İlhan Selçuk (14 Mart 2008): AKP iktidarı belli hedefe doğru doludizgin yürüyor, yandaşları da içmeden sarhoş olmuşlar... Ülke altüst... Herkes birbirine soruyor:
- Ne olacak?..
Bu gidişle bir şeyler olacak... Ama ben, cumhuriyete, "İslamcı AKP devletinin" el koymasını isteyen gazeteye şimdiden haber vereyim...
Bir şeyler olduğunda sonuç düşündükleri gibi çıkmazsa, oturup mazlum rolünde ağlamasınlar.

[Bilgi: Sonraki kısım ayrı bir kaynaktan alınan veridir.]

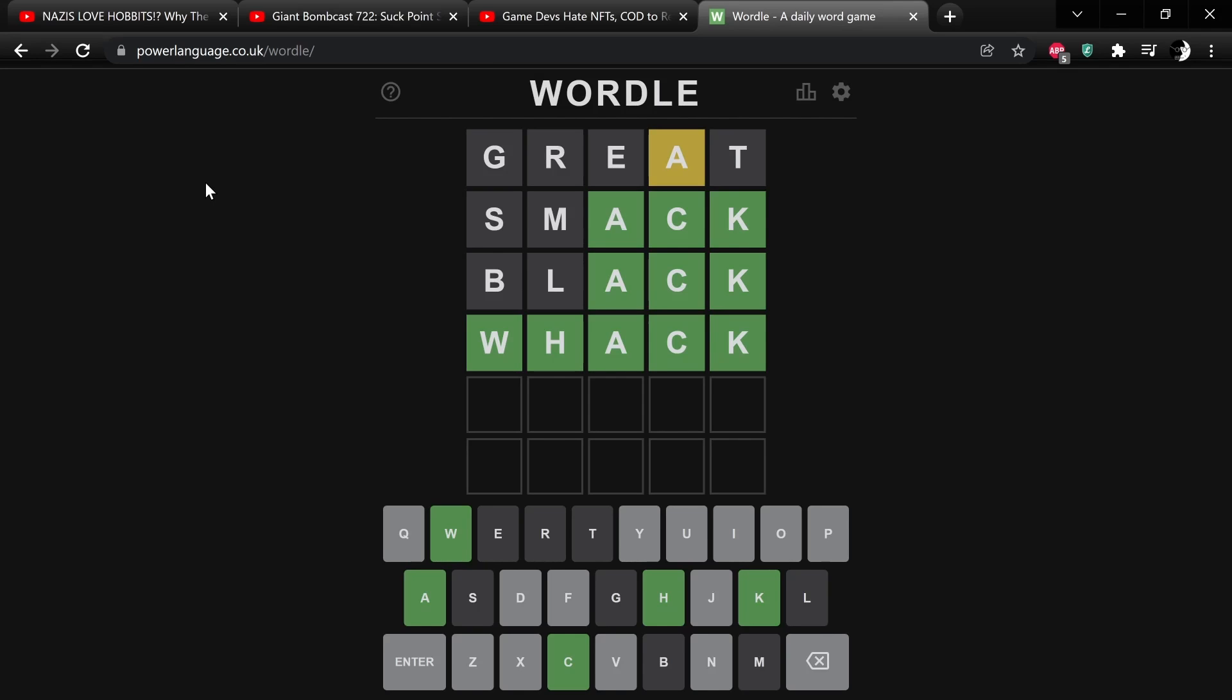That was the Great Smack Black Whack. And hopefully we as a society can kind of solve these problems through measured discussion and open forum.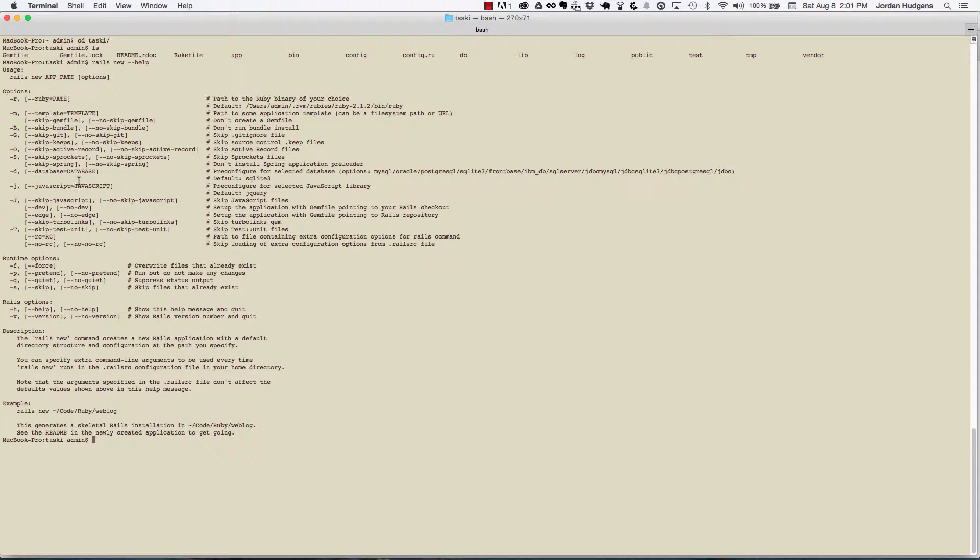For the database, a lot of times I'll start off using Postgres right from scratch, so I can plug that right in there. Another one I do a lot is I like to skip turbo links.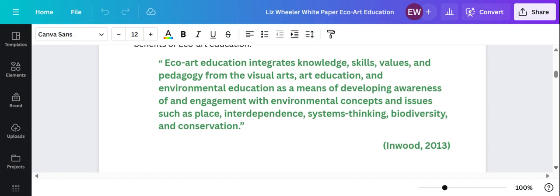She says ECHO art education integrates knowledge, skills, values and pedagogy from the visual arts, art education and environmental education as a means of developing awareness of and engagement with environmental concepts and issues such as place, interdependence, systems thinking, biodiversity, and conservation.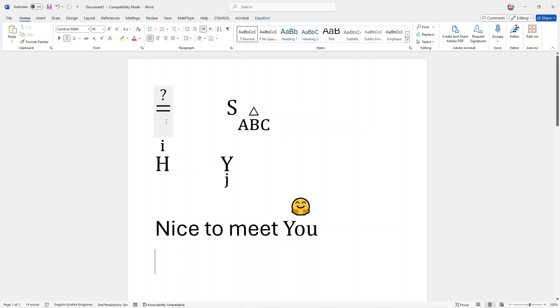Hi, I want to show you how to add a character on top of another character in Microsoft Word, or maybe below another character in Microsoft Word.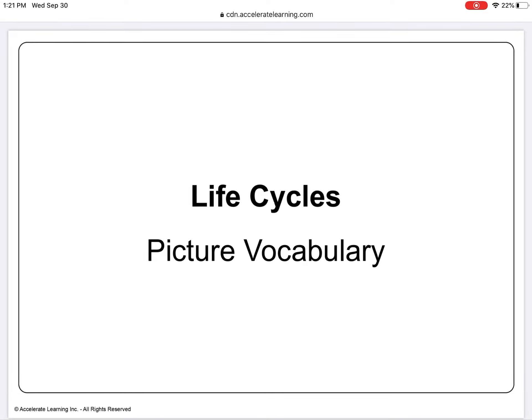Hi boys and girls. We are starting a new unit in science all about life cycles. Today we are going to go through our new vocabulary words.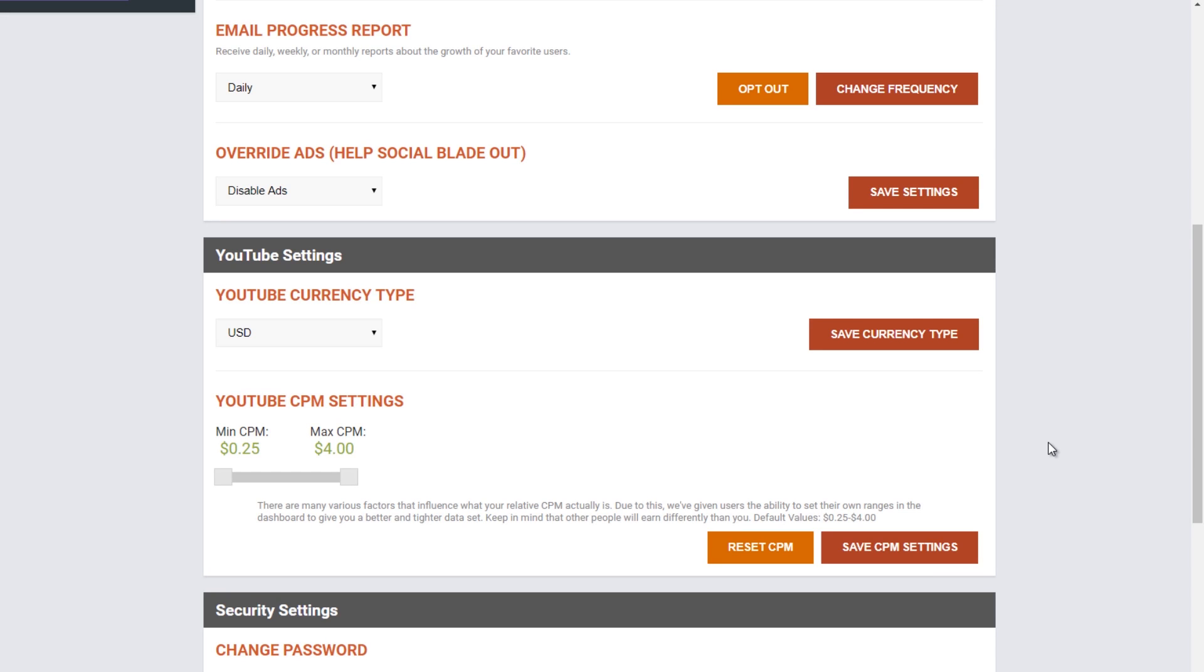One popular feature of having a Socialblade dashboard is the ability to change the currency display as well as your CPM range. Doing so will refine what the estimated earnings display as, as well as give you the easiest to read format in terms of your currency type.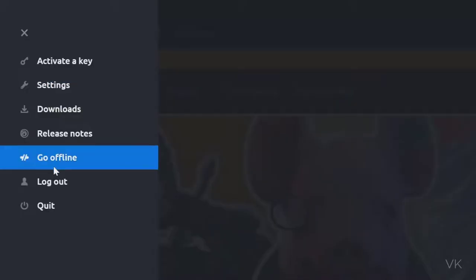Here you can see this option 'go offline'. Click on that. You need to login first, then only you can enable this go offline option. I am going to tap this go offline.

14 Mart'ı 15 Mart'a bağlayan gece pat diye dava açıldı. Herhalde İlhan Selçuk'un içine doğmuştu!
***
Dava ile ilgili bazı gazetecilerin yorumları bir kısım basının zihniyetini gözler önüne seriyor:
Mustafa Balbay (15 Mart 2008): Abdurrahman Yalçınkaya, eylül ve ocak ayında yaptığı iki ciddi uyarının ardından AKP hakkında kapatma davası açtı. Görünen dava hukukçu istemez! Başbakan Erdoğan'ın Madrid dolaylarında 14 Ocak günü yaptığı türban çıkışının ardından, 17 Ocak'ta Yalçınkaya sert bir açıklama yapmıştı. 3 sayfalık açıklama, kökten AKP'ci medya dışında şöyle yorumlanmıştı:
"Başsavcı, acımam kapatma davası açarım, dedi!" Öyle oldu... AKP'liler güçlü olmanın getirdiği körlükten olsa gerek, Yalçınkaya'nın biriktirdiği bilgi ve belgelere pul biriktirmekten farksız bir koleksiyon çalışması umursamazlığıyla baktılar...

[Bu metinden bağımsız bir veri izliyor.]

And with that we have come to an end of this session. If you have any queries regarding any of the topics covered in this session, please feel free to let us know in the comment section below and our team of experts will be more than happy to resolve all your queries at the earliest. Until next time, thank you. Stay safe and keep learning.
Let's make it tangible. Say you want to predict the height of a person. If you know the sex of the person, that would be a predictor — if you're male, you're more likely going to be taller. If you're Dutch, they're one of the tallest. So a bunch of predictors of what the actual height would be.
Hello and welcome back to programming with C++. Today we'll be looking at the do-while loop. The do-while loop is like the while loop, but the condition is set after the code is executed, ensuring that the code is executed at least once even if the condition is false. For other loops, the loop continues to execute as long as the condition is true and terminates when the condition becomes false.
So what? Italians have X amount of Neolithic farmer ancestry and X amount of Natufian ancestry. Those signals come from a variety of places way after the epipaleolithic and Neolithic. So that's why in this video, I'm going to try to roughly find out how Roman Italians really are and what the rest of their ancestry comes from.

Oktay Ekşi (16 Mart 2008): ... "Biz yüzde 46.7 oy aldık. Milli irade bizi iktidar yaptı. Bize karşı dava açmak, milli iradeye karşı dava açmaktır" Bu,
"seçimi kazanan parti, aklına gelen her şeyi yapabilir" demektir. Böyle bir anlayış
"hukuk" nedir bilmeyen,
"hukukun üstünlüğü" kavramını duymayan bir kafada olabilir.
"Partileri halk kurar, halk kapatır" diyorlar. O, seçmenini yitiren partiler için doğrudur. Yasaları çiğneyen partiyi yargı kapatır.

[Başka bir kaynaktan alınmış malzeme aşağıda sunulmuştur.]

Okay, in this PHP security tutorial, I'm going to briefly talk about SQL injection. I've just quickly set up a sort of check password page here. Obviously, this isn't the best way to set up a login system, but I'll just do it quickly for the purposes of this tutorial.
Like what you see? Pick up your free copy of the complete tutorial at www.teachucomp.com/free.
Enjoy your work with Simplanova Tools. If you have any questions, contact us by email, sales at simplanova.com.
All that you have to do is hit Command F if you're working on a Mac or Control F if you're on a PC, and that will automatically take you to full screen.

"Oyumuz büyük" tafrasıyla konuşanlar,
"hukukun oydan büyük" olduğunu unutmasınlar.
Güngör Mengi (16 Mart 2008): Rejimin, yargı kurumu eliyle kendini savunma hakkını kullanması mı ayıptır, yoksa milletvekilleri laikliğe sadakat yemini etmiş bir iktidarın, böylesine ağır bir suçlamanın hedefi durumuna düşmesi mi?.. Anayasaya bağlılık yeminini çiğnemiş iktidarlara kayaya tosladıklarında mağdur muamelesi yapmaya devam ettikçe onlara sürgit mahkûm olmaktan kurtulamayız.
Aynı doğrultuda çok sayıda yorum mevcut.